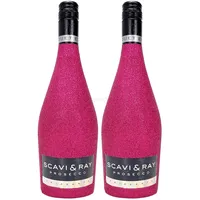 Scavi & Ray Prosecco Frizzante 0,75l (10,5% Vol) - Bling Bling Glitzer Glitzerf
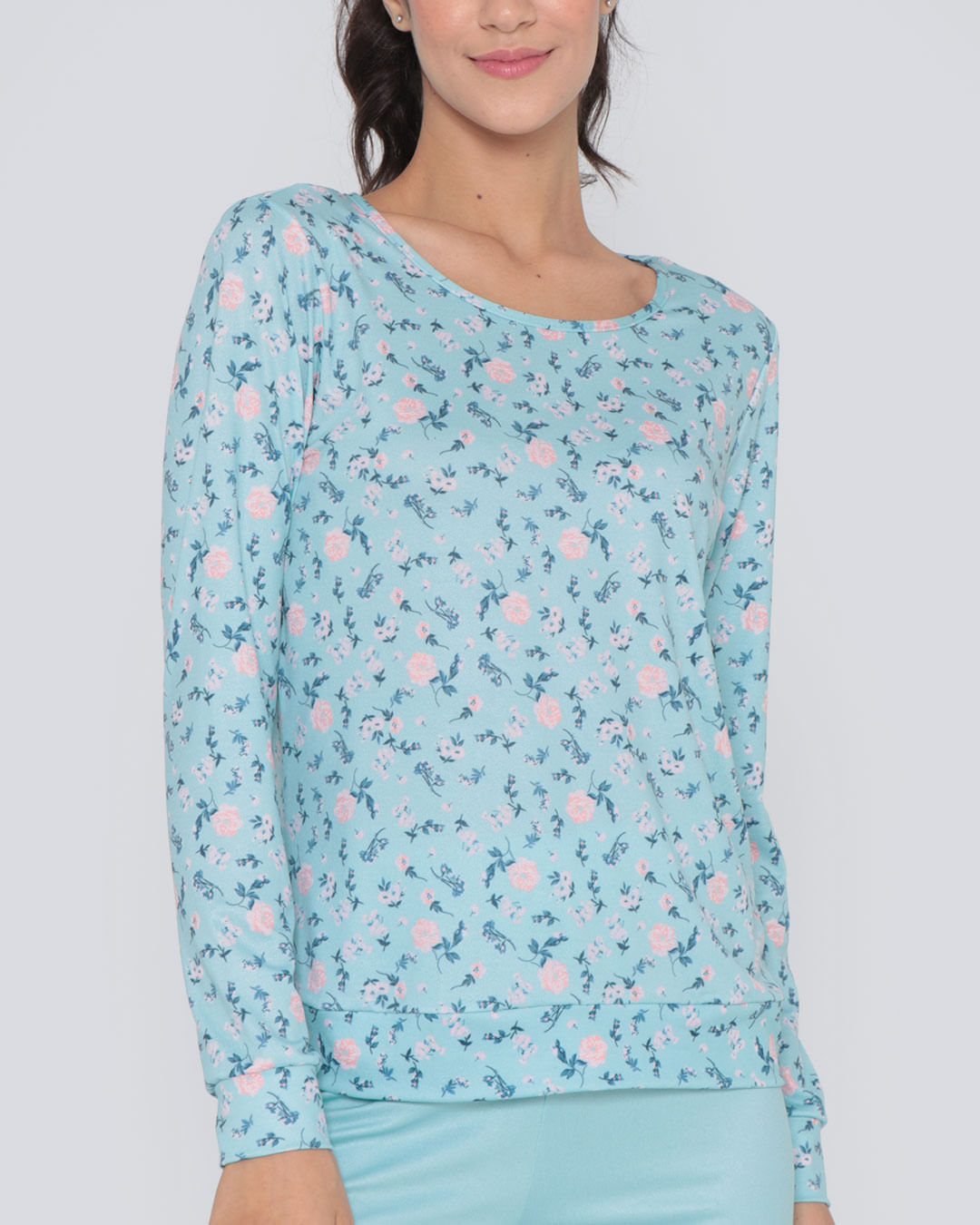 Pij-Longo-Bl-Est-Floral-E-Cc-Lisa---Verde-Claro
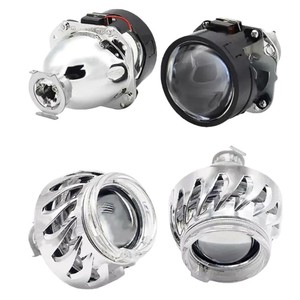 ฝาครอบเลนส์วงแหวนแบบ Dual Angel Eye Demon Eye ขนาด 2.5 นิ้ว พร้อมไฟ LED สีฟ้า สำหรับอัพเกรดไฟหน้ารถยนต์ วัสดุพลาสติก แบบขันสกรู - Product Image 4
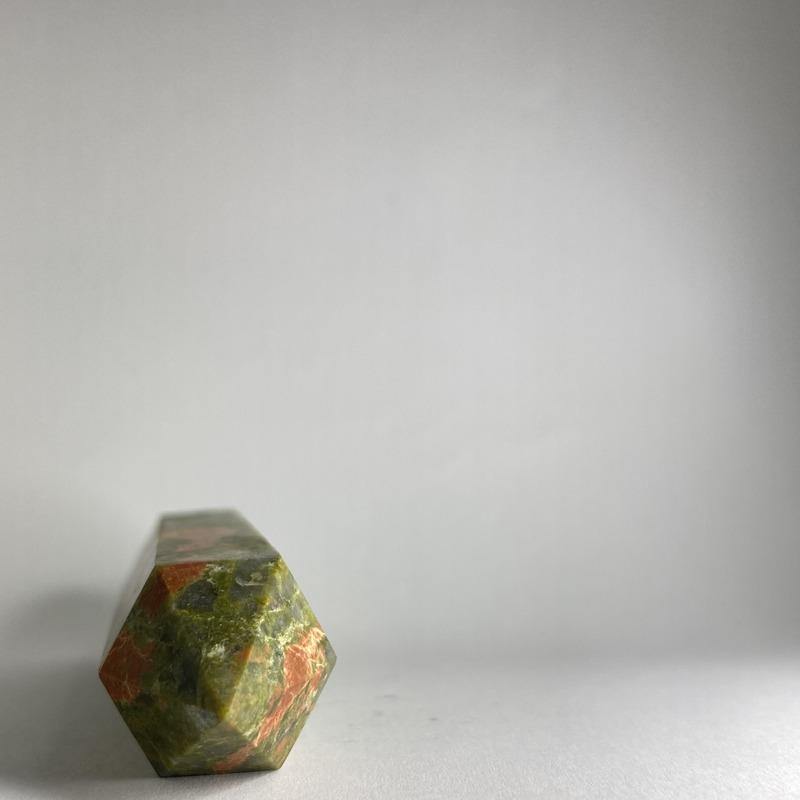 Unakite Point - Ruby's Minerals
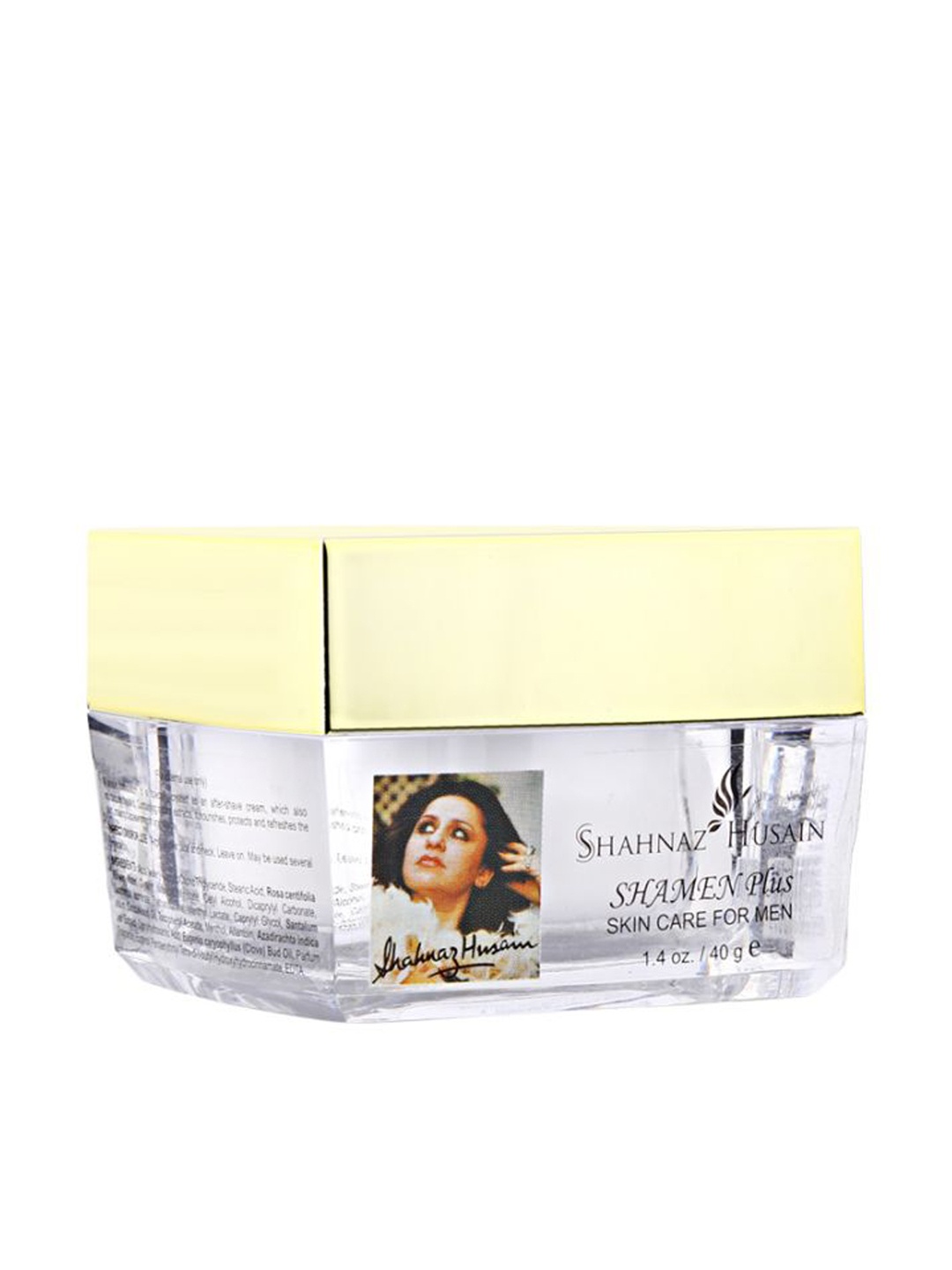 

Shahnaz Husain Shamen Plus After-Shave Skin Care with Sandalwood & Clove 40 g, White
-------
▶ [REQUIRED ACTION] Everything in the listing above must be retyped exactly, except for the pictures.

▶ [WRITTEN RESPONSE]
 Scavi & Ray Prosecco Frizzante 0,75l (10,5% Vol) - Bling Bling Glitzer Glitzerf
 Pij-Longo-Bl-Est-Floral-E-Cc-Lisa---Verde-Claro
 ฝาครอบเลนส์วงแหวนแบบ Dual Angel Eye Demon Eye ขนาด 2.5 นิ้ว พร้อมไฟ LED สีฟ้า สำหรับอัพเกรดไฟหน้ารถยนต์ วัสดุพลาสติก แบบขันสกรู - Product Image 4
 Unakite Point - Ruby's Minerals

Shahnaz Husain Shamen Plus After-Shave Skin Care with Sandalwood & Clove 40 g, White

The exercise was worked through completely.